Inform the business owner or source departments about all records that were removed as part of the final data migration or due to validation errors so that data can be corrected and re-imported.
- ckanext-canada (this repository)
- PD yaml files are read by ckanext-recombinant and used to generate most of the pages, tables, triggers and metadata shown.
- add+edit forms use form snippets from ckanext-scheming and validation enforced by datastore triggers. They are currently part of the ckanext-canada extension but should be moved into ckanext-recombinant or another reusable extension once the trigger-validation pattern becomes standardized
- datatable preview is part of ckanext-canada because this code predates the datatables view feature that is now part of ckan. It should be removed from here so we can use the ckan datatable view instead
- filter scripts cover all the business logic required to "clean" PD data before it is released to the public. a Makefile is used to extract raw CSV data, make backups, run these filters and publish CSV data
- ckanext-recombinant
- XLSX data dictionary
- reference lists
- API docs
- schema json
- delete form
- XLSX template UL/DL
- combine command
- ckan
- datastore API
- datastore triggers
- datastore tables
- dataset metadata
- CSV files
- raw CSV data
- nightly backups
- published CSV data
- deplane
- data element profile
- ogc_search
- advanced search
The "Suggest a Dataset" feature integrates CKAN with both Drupal and Django Search.
-
Submit Suggestion: The process begins with external public users submitting the Suggest a Dataset form on Drupal. As a result of submission, a new node of content type
suggested_dataset
is created by the webform handler. -
Moderate Suggestion: A registered user with role
comment_moderator
on Drupal updates and/or adds translation to the suggested dataset. The user may also choose to delete the suggestion if it is not relevant or a duplicate. Once translation is added, the user publishes the suggestion. -
Nightly Cron: A number of cron jobs are responsible for cross-integration.
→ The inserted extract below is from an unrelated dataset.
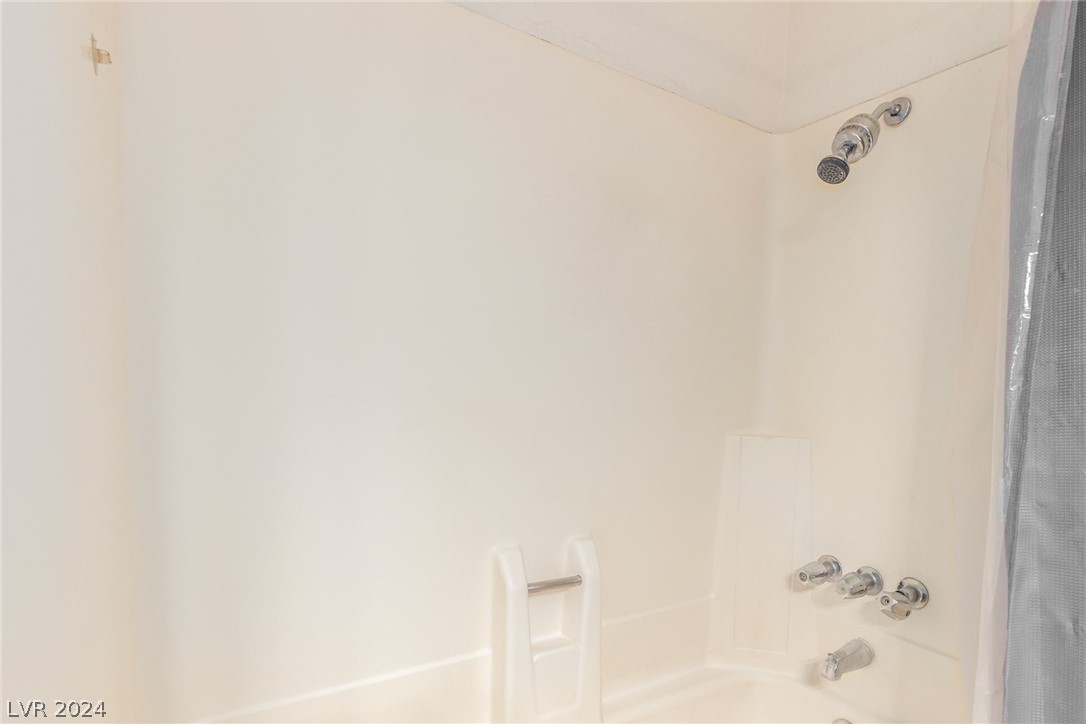 230 Brookside Lane D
- Suggested datasets are exported from Drupal as a CSV using a cron hook
- The exported CSV is used to load suggested datasets in the Registry
- Next, the status updates for all suggested datasets is exported from the Registry in a JSON file using
ckanapi search datasets q=type:prop include_private=true
- New status updates are compared with existing status updates in the Solr index and emails are sent out to external public users for any new status updates
- New status updates exported as JSON are loaded into to the Solr index
-
Provide status updates: Registry users can view a list of suggested datasets for their organization and can provide an update on progress.
-
Search suggested datasets: External public users can search a list of suggested datasets. Each suggested dataset has a details page which shows all the status updates for a suggestion. Users can vote on a suggestion or add comments. The votes and comments are stored in Drupal.